> Work item
Copy task, pictures excluded: set down exactly the lines from the one containing "Coprinus atramentarius mushrooms Coprinus" to the end of the data below.

(Extracted records)
________________________________________

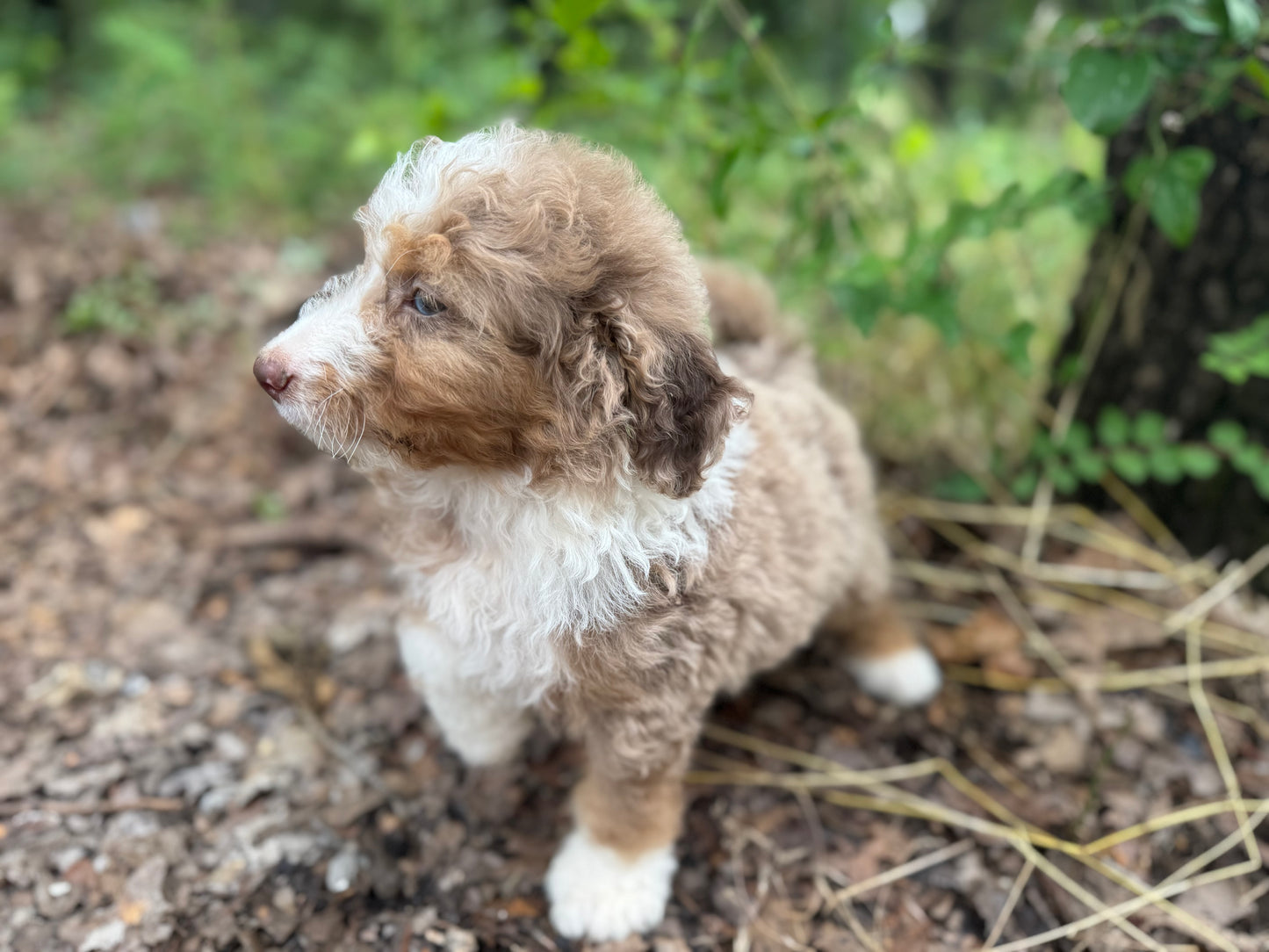 F1B Medium Bernedoodle (male) "Captain Gantu ”
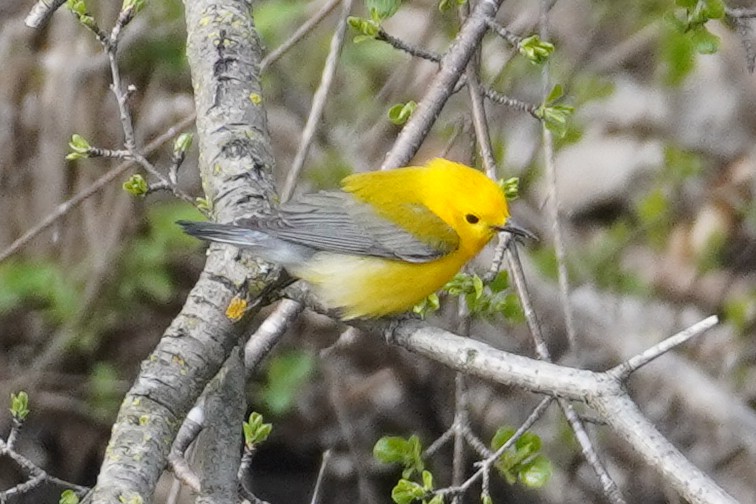 Prothonotary Warbler - ML617967985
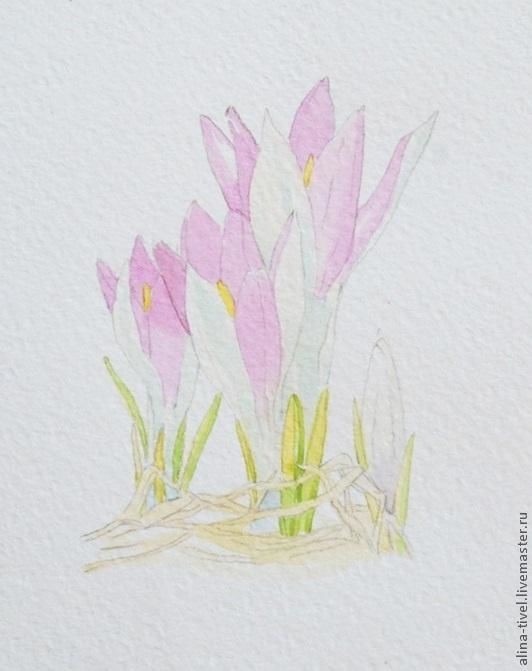 Нежные крокусы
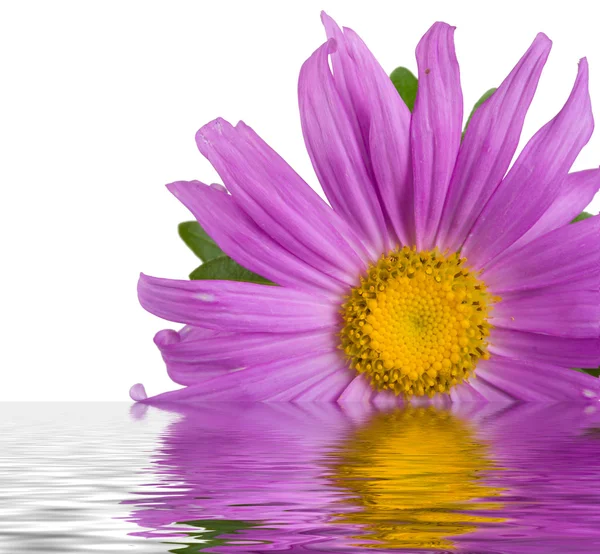 Purple aster in water — Stock Photo, Image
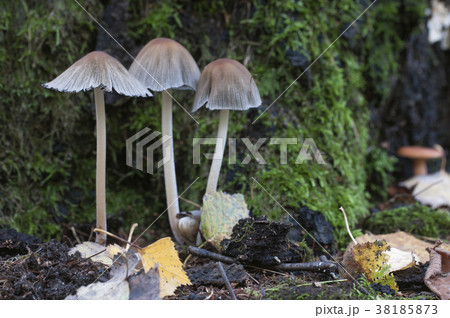 Coprinus atramentarius mushrooms Coprinus atramentarius mushrooms 38185873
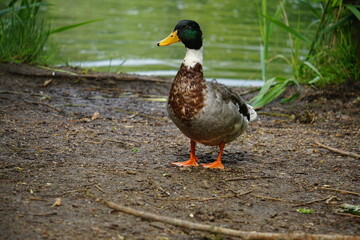 Male duck, Milton country park, Cambridge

________________________________________

> Reply
 Coprinus atramentarius mushrooms Coprinus atramentarius mushrooms 38185873
 Male duck, Milton country park, Cambridge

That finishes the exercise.